Some clauses in a recent omnibus bill submitted to the Turkish Parliament that stipulate a one-time tax exemption for certain assets are there to enable subsidiaries of state-owned Turkish companies such as energy giant Botaş to move their assets to Turkey, according to the report.

Turkish Petroleum International Company Ltd. (TPIC) and Botas International Ltd. (BIL) are two such subsidiaries on the island of Jersey, a dependent of the British crown. The companies were involved in a court case in 2016 when a creditor sued to enforce debts. Botaş filed an objection referring to a British law that grants sovereign states immunity from litigation.

The mere fact of being owned by a sovereign state does not give a Jersey company “sovereign immunity” from legal proceedings, the court ruled, rejecting the objection.

These companies are established in tax havens because of the restrictions enforced by Turkey’s laws governing public tenders, which stall purchases, Süleyman Önel, the Energy Ministry’s director of legal services, told Cumhuriyet.

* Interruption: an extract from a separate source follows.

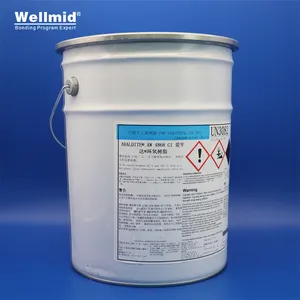 ARALDITE AW HW4868 resina epossidica AB ad alta resistenza ideale metallo GRP fibra di vetro composito adesivo strutturale 2K Gap Filling colla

Önel underlined that the companies are of vital importance to the Turkish state, which cannot ignore the possibility of sanctions targeting their assets.

Önel did not specify what type of sanctions the government feared or the possible actor to enforce them.

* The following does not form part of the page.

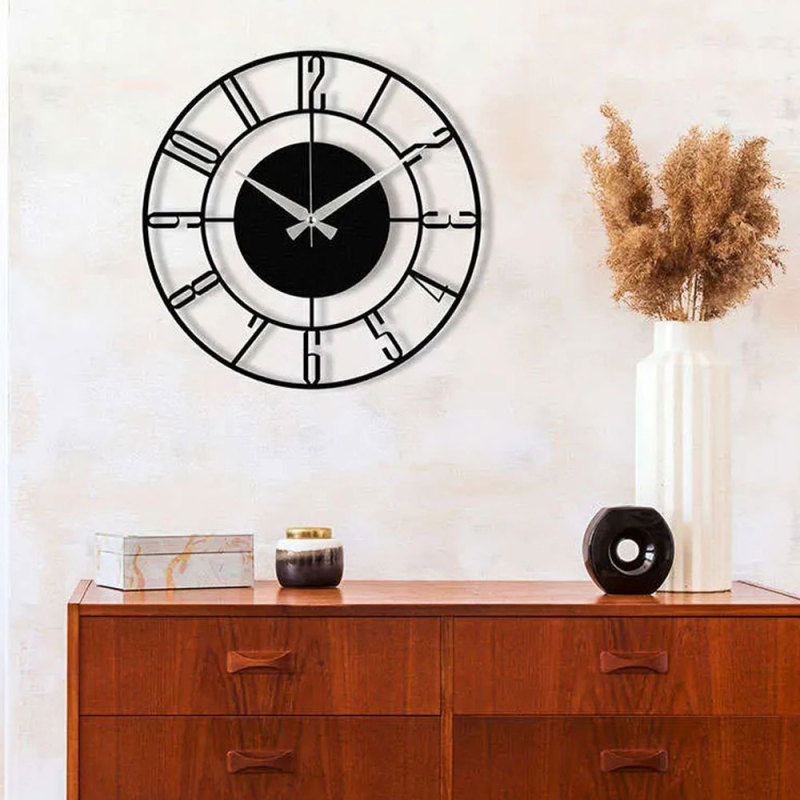 Ρολόι Τοίχου (Φ48) A-G 279ENZ1411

Berat Albayrak, Turkish President Recep Tayyip Erdoğan’s son-in-law who resigned from the Finance Ministry last week after a shakeup in the country’s economy team, served as energy minister between 2015 and 2018.

In September 2016 Albayrak’s emails were leaked to the public by a hacker collective called RedHack. The leaked emails detail Albayrak’s alleged involvement in the transport of oil controlled by the Islamic State in Iraq and the Levant (ISIL) via a company named Powertrans.

According to observers, the bill is part of a series of moves by Erdoğan that prepare for possible sanctions over the claims of ISIL oil transportation and other issues such as an Iran sanctions-busting case in the US that includes a Turkish state bank and high ranking officials

US President-elect Joe Biden is more likely to get tough on Erdoğan’s Turkey, unlike President Donald Trump, who, according to critics, did everything in his power to stall sanctions against Ankara.